Data extracts =

▶

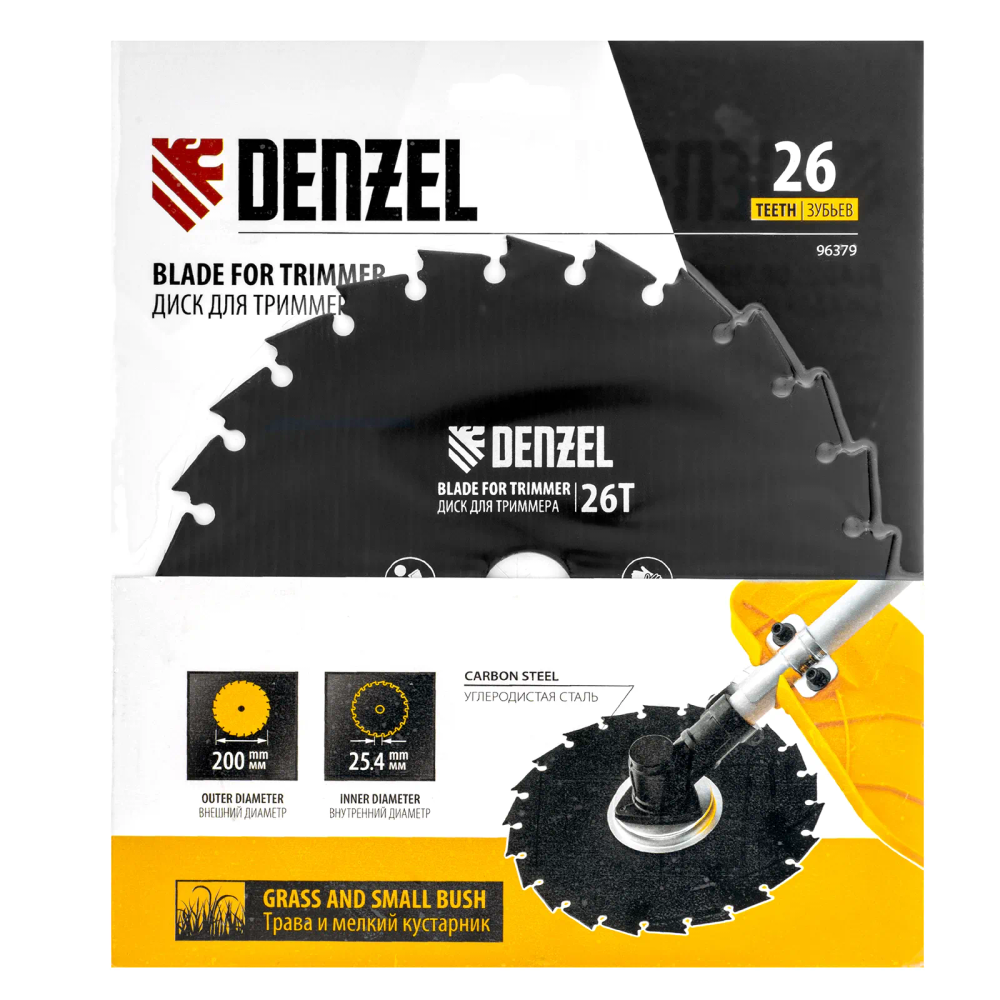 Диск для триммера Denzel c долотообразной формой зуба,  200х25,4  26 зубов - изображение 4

◀
▶

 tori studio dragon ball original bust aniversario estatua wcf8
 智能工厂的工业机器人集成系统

◀

Task goal = In the records above, find the line with "tori studio dragon"; write out exactly that line and each one after it, stopping after the line with "智能工厂的工业机器人集成系统".

Expected answer =
 tori studio dragon ball original bust aniversario estatua wcf8
 智能工厂的工业机器人集成系统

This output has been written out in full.